The Visual calculation engine can produce most of the data required to display a photometrically accurate rendering of a project. The assumptions underlying the calculations are the same as those for the general radiative analysis of the project; the most important are diffuse reflectance and spectral flatness. Since all surfaces are diffuse , the calculations required for a rendering can be performed once and provide all the data required for any view of the project desired by the user. Thus, changing views or navigating through the project does not require recalculation, only a change of the subset of data which is displayed.
The basic procedure used in the Visual calculation engine to generate renderings has three steps: 1) generate arrays of triangles that cover user-specified surfaces and have exitances that are photometrically accurate, 2) display these triangles in an appropriate geometric and screen-luminance manner, and 3) refine the rendering with multiple calculation passes to more accurately model surface exitance distributions.
The determination of the necessary triangles begins with an array of illuminances calculated on a user-specified surface. At each point in this array, the possibly-occluded direct and interreflected illuminance is calculated. This is a double-pass process: after the illuminances at each grid point are determined, each 2-point x 2-point subsection of the grid is examined for high gradients. If a high gradient is present, that subsection is arrayed with additional, more tightly spaced points. Illuminances are calculated at each of the points in each such subgrid during a second pass. This brings out necessary detail in the exitance distribution on the surface while minimizing calculation time.

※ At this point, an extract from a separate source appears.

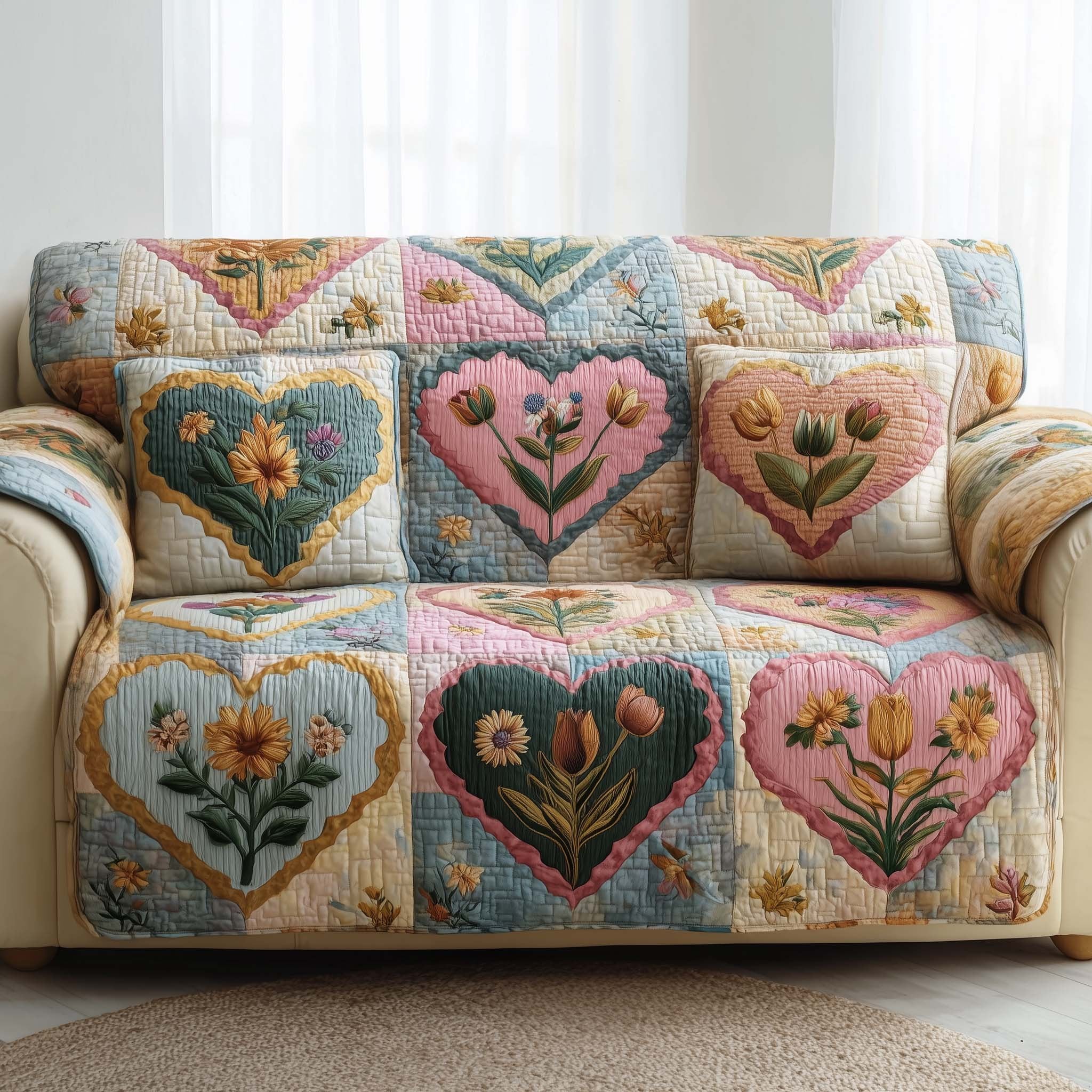 Floral Hearts in Pink and Blue Sofa Cover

Based on the project type, and the range and gradients of illuminance found in the array, points defining up to 256 iso-illuminance contour lines are determined. The points along a contour vary in spacing; small spacing where the line is highly curved, and large where the line is straight.

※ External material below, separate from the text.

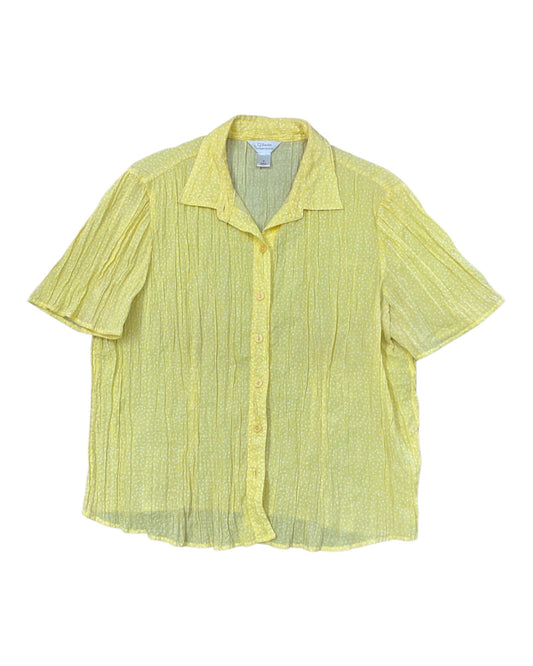 Blouse Ss By Cj Banks In White & Yellow, Size:Xl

To provide for necessary detail, additional illuminances are calculated along the lines that form the boundary of the surface and along lines defined by the intersection of the surface with other surfaces in the project. These additional illuminances help define sharp shadows and accurately portray touching surfaces.
A collection of triangles is built from the points along the contour lines and the added illuminance points. Constrained Delaunay triangularization is used. The constraints are the edges formed by the sections of contour line, and the sections connecting the points along the additional lines of illuminance . The outline of resulting triangles can be toggled on and off in a rendering with the 7-key.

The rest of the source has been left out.